We use a 75-25 train-to-test split.
set.seed(1234)
sample_set <- sample(nrow(glass), round(nrow(glass)*0.75), replace=FALSE)
glass_train <- glass[sample_set, ]
glass_test <- glass[-sample_set, ]
For the random forest model, we specify 0.632 bootstrap for the
resampling technique and 3 resampling iterations. The mtry
parameter for the trees is typically the square root of the number of
predictors. In this problem, this evaluates to 3.
rf_mod <- train(
Type ~ .,
data = glass_train,
metric = "Accuracy",
method = "rf",
trControl = trainControl(method = "boot632", number=3),
tuneGrid = expand.grid(.mtry = 3) # mtry=sqrt(num predictors)
)
rf_pred <- predict(rf_mod, glass_test)
confusionMatrix(rf_pred, glass_test$Type)
## Confusion Matrix and Statistics
##
## Reference
## Prediction 1 2 3 4 5 6
## 1 20 2 0 0 0 0
## 2 3 14 0 0 0 0
## 3 1 0 15 0 0 0
## 4 0 3 0 18 0 0
## 5 0 0 0 0 16 0
## 6 0 0 0 0 0 22
##
## Overall Statistics
##
## Accuracy : 0.9211
## 95% CI : (0.8554, 0.9633)
## No Information Rate : 0.2105
## P-Value [Acc > NIR] : < 2.2e-16
##
## Kappa : 0.9049
##
## Mcnemar's Test P-Value : NA
##
## Statistics by Class:
##
## Class: 1 Class: 2 Class: 3 Class: 4 Class: 5 Class: 6
## Sensitivity 0.8333 0.7368 1.0000 1.0000 1.0000 1.000
## Specificity 0.9778 0.9684 0.9899 0.9688 1.0000 1.000
## Pos Pred Value 0.9091 0.8235 0.9375 0.8571 1.0000 1.000
## Neg Pred Value 0.9565 0.9485 1.0000 1.0000 1.0000 1.000
## Prevalence 0.2105 0.1667 0.1316 0.1579 0.1404 0.193
## Detection Rate 0.1754 0.1228 0.1316 0.1579 0.1404 0.193
## Detection Prevalence 0.1930 0.1491 0.1404 0.1842 0.1404 0.193
## Balanced Accuracy 0.9056 0.8526 0.9949 0.9844 1.0000 1.000
ROC and AUC
This was calculated using the pROC package.
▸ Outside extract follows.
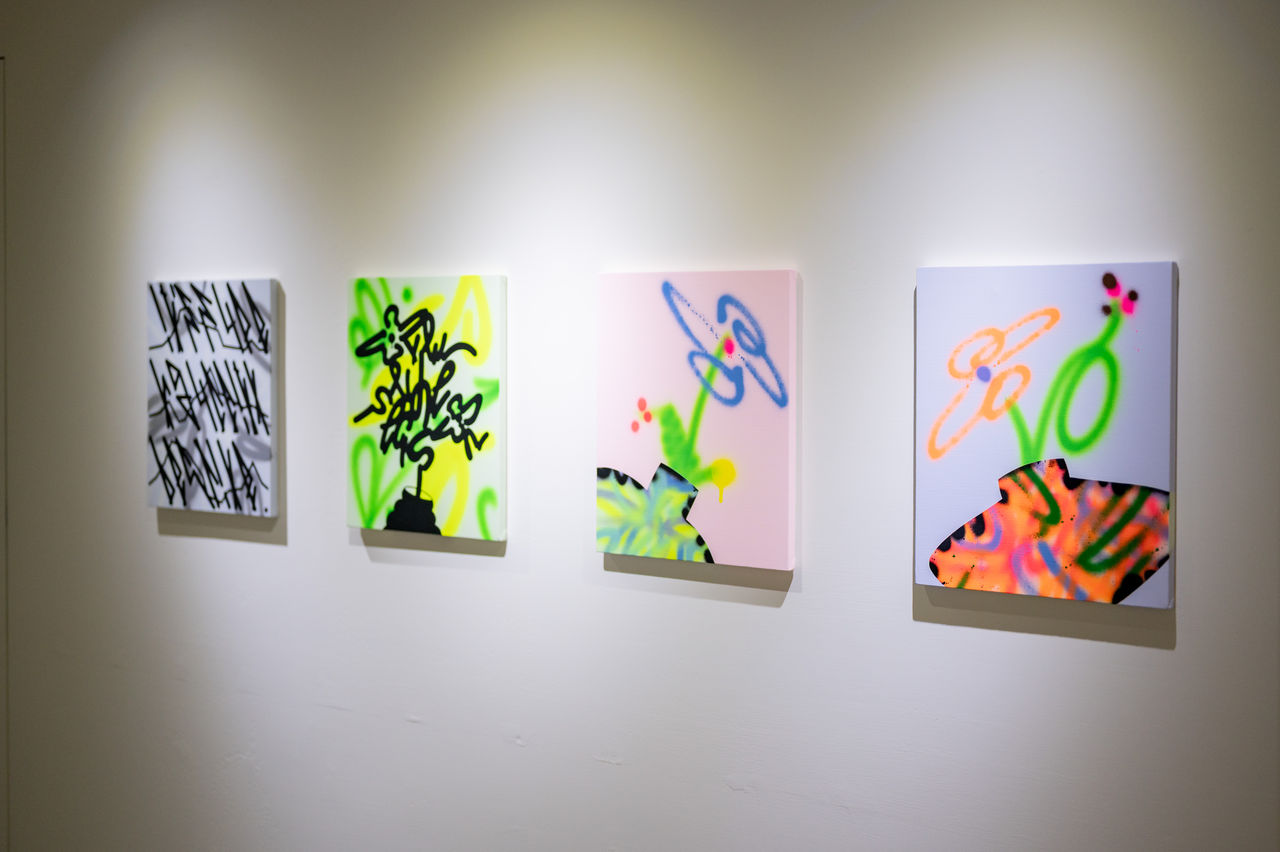 10X,沖賢一,OKI KENICHI,BORNTOSTANDOUT,fwee,展覽,藝術,香氛,選物,彩妝,韓妝。（圖／品牌提供）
Since there are multiple classes in the response variable, the pROC documentation says the ROC curve cannot be plotted.
prediction <- predict(dt_mod, glass_test, type="vector")
roc_object <- multiclass.roc(glass_test$Type, prediction, percent=TRUE)
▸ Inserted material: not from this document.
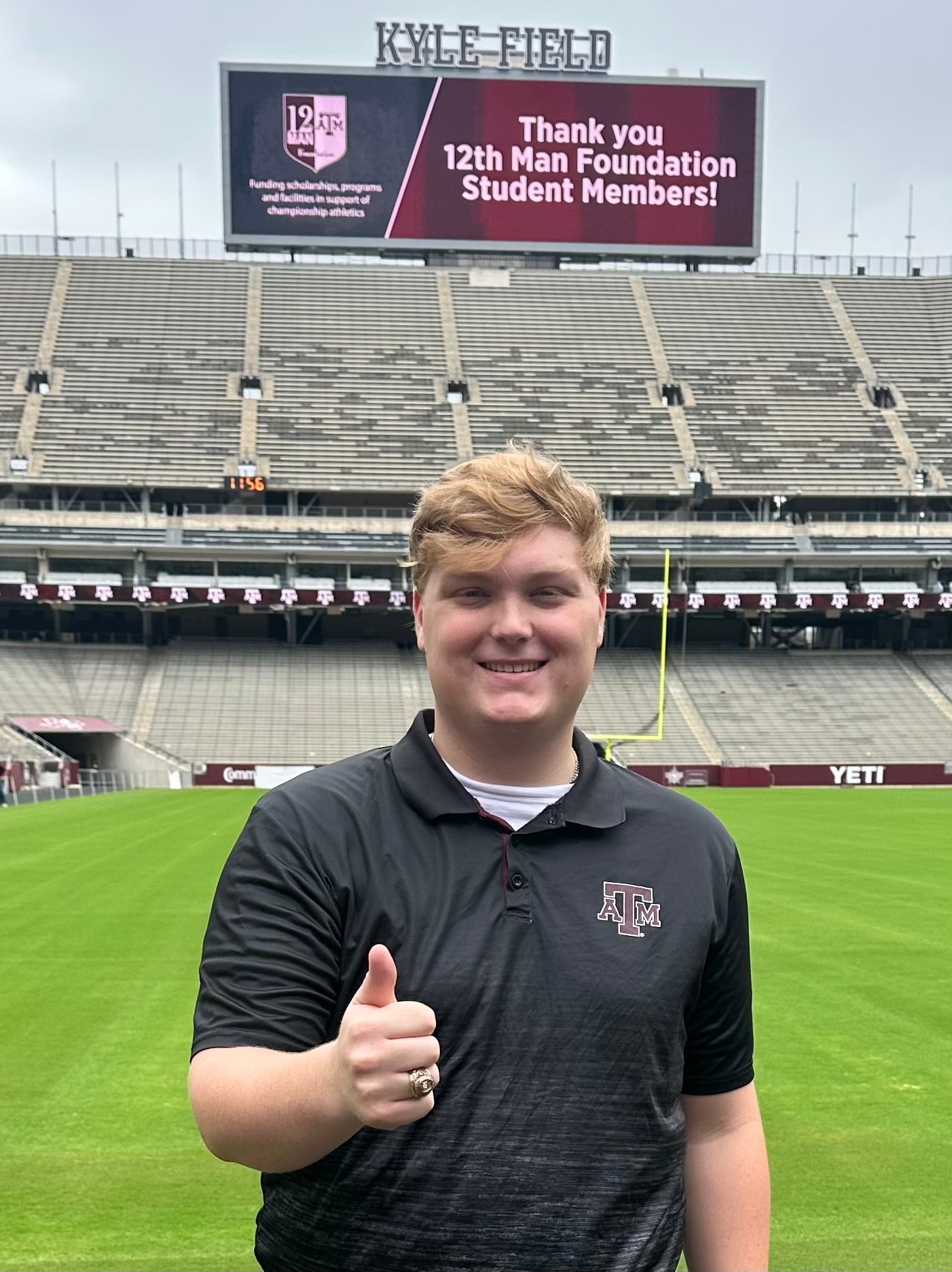 Connor Stephenson, a 2021 Royse City ISD graduate, is graduating from Texas A&M University with a degree in Political Science. 
I have also submitted his sister, Maddie, who is graduating from Royse City Hugh School this year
## Setting direction: controls < cases
## Setting direction: controls < cases
## Setting direction: controls < cases
## Setting direction: controls < cases
## Setting direction: controls < cases
## Setting direction: controls < cases
## Setting direction: controls < cases
## Setting direction: controls < cases
## Setting direction: controls < cases
## Setting direction: controls < cases
## Setting direction: controls < cases
## Setting direction: controls < cases
## Setting direction: controls < cases
## Setting direction: controls < cases
## Setting direction: controls < cases
print(roc_object)
##
## Call:
## multiclass.roc.default(response = glass_test$Type, predictor = prediction, percent = TRUE)
##
## Data: prediction with 6 levels of glass_test$Type: 1, 2, 3, 4, 5, 6.
## Multi-class area under the curve: 89.59%
# Documentation of pROC's multiclass.roc says it cannot be plotted.
We would have liked to see the plots for the trees to see how to decisions were made for each one, and which predictors were selected at each level. However, compared to a DT, a random forest acts more like a black box. We can’t see the inner workings. We have traded the explainability or the result for a higher accuracy. I did test the data with a DT and the DT was 16% worse.